Sometimes it’s hard to get a true value investor to not talk about the facts and come with some emotion, just ask Jim Chuong! Does this mean that value investing fund managers don’t ever hard sell? There are always exceptions and Joel Greenblatt of Magic Formula Investing is one of them.

Though the site sounds more like it belongs to Ripley’s Believe It or Not, Joel considers himself a value investor and is the author of the book, The Little Book That Beats The Market (you can read excerpts on Amazon.com). I recently read an April 2006 interview that Joel did with MoneySense. The interview angle depicted Joel as if he was a sideshow salesman who’s found the magic formula to generate great investment returns. Joel talks candidly about his book and the website. After reading the interview and checking out the website, here’s what I thought about the whole deal.

The Good
Following a good formula to invest helps take care of the emotion factor. True to form, Joel focuses more on the psychologies behind buying the stock, rather than selling the stock. Magic Formula Investing is also a very simple to use stock screener — a good starting point for investors looking for ideas. But I hope most people will do their own research thoroughly before going by those screening results!

The Bad
The magic formula may be too simplistic. It filters out companies by applying stock screens that look for “good” and “cheap”. Those two qualities were described by Joel as:

We define “good” as a company that earns a high return on capital and we define “cheap” as a company that earns a lot compared to the price we’re paying for it.
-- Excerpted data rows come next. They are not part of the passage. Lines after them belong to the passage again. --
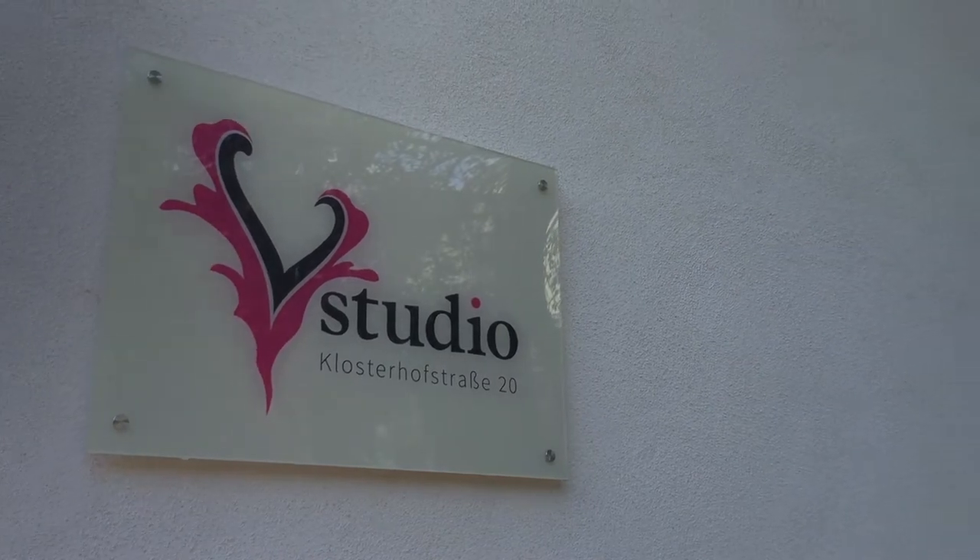My name is Olga Veselkova. I'm the founder and owner of B-Studio Dance Fashion. Since it started in 2008, B-Studio Dance Fashion became one of the leading ateliers for tailor-made dance costumes in Germany.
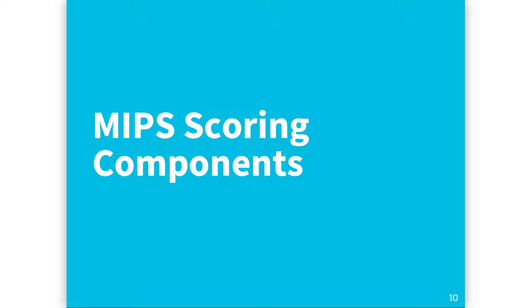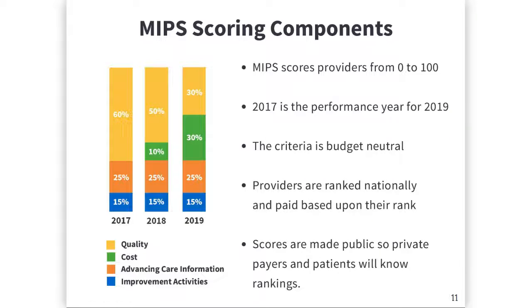Since the bulk of providers will be subject to MIPS, let's take a deeper dive into MIPS specifically. MIPS scores eligible clinicians on a scale of 0 to 100, and that score is based on four different categories.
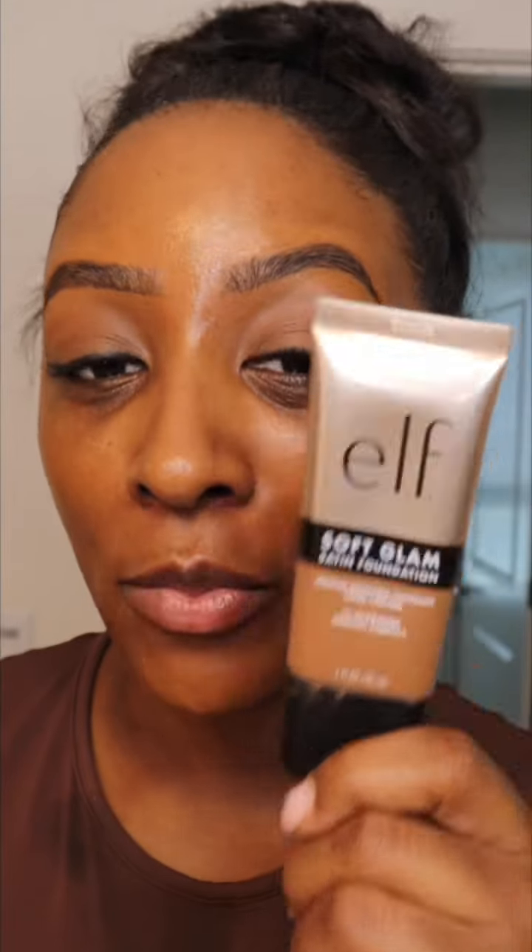The e.l.f. Soft Glam Satin Foundation has become my new favorite. Wears so beautifully. The skin match is literally on point. That looks so freaking beautiful.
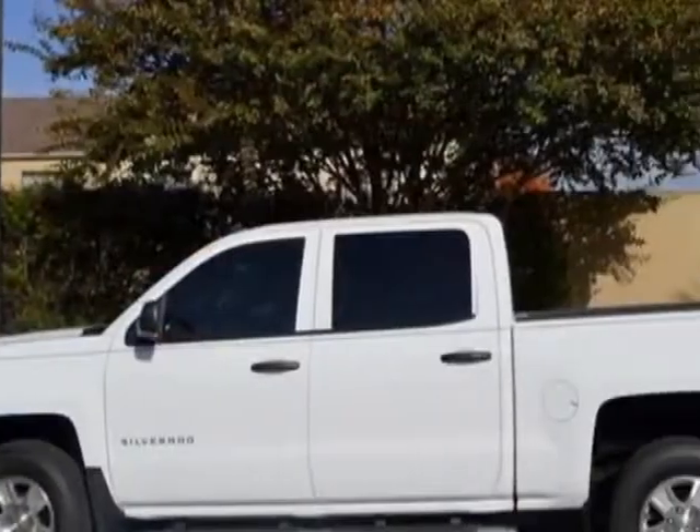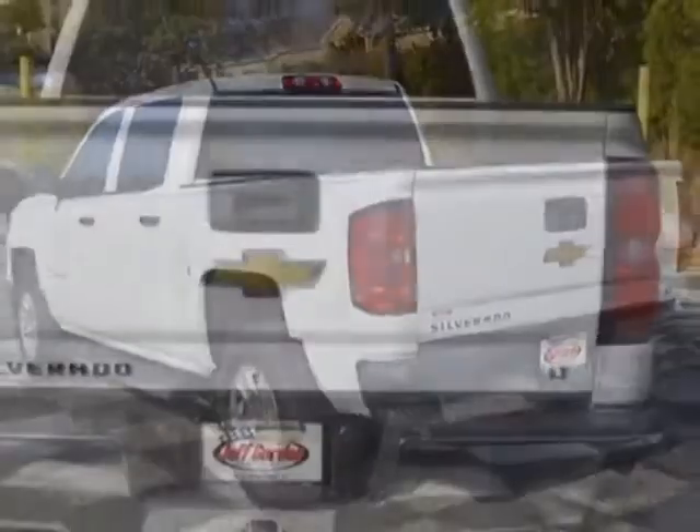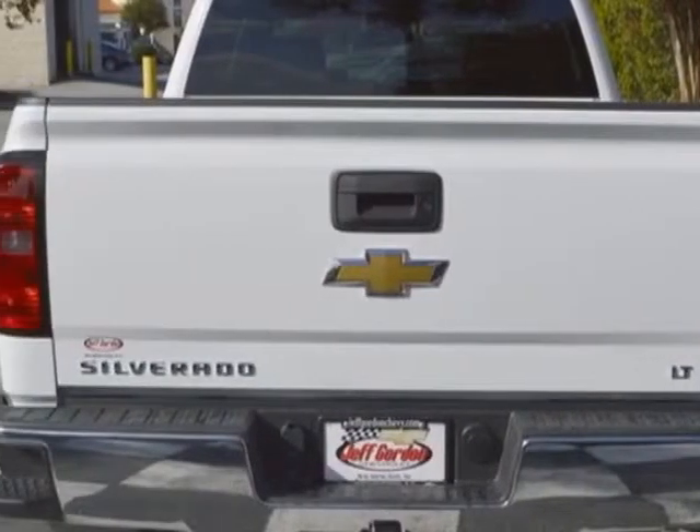This Silverado 1500 boasts a 4.3 liter engine and has a 6-speed automatic transmission. Another great feature is that this vehicle uses flex fuel.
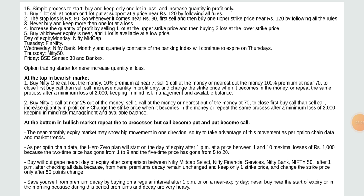Day of expiry schedule: Monday — Nifty Midcap, Thursday — Fin Nifty, Wednesday — Nifty Bank (monthly and quarterly contracts continue to expire on Thursdays), Thursday — Nifty 50, Friday — BSE and Sensex 30 and Bankex. Option trading starter: never increase quantity in loss. At the top in bearish market: buy Nifty one call out of the money at 10% premium, sell one call at the money or nearest out of the money at 70 to 32. Increase quantity in profit only, change strike price when it becomes in the money.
These stock screen should actually leave a lot of companies in the running. Joel talks heavily about Price Earnings (P/E) ratio; a metric that value investors don’t highly regard. It is more reminiscient of what a growth manager would screen for, as they are looking for companies with earnings growth potential. Joel later clarifies that he looks at a company’s pre-taxed earnings.

Besides P/E, Joel also seeks out companies with a high Return-on-Capital (ROC). But ROC does not look at a company’s debt picture. Instead Joel refes back to everybody’s favourite number, the P/E ratio.

We don’t use a simple earnings yield on the Magic Formula site, we use a pre-tax earnings yield, which takes into account the debt that the underlying company has. We adjust for differences in debt and differences in tax rates when we figure out the earnings yield, so we implicitly take care of that. In other words, if a company has an extremely high debt level, it won’t appear near the top of our list unless it’s making an awful lot of money to make up for that.

Relying on earnings is a catch-22. On one hand, you want to know if a company is earning money, on the other hand it is heavily subjected to the whims of the financial officer. Just ask Kenneth Lay and Enron! It is the metric that most investors in the market key on, and that manic following in a self-destructing cycle since executives are now pressured to deliver or cook “favourable” results.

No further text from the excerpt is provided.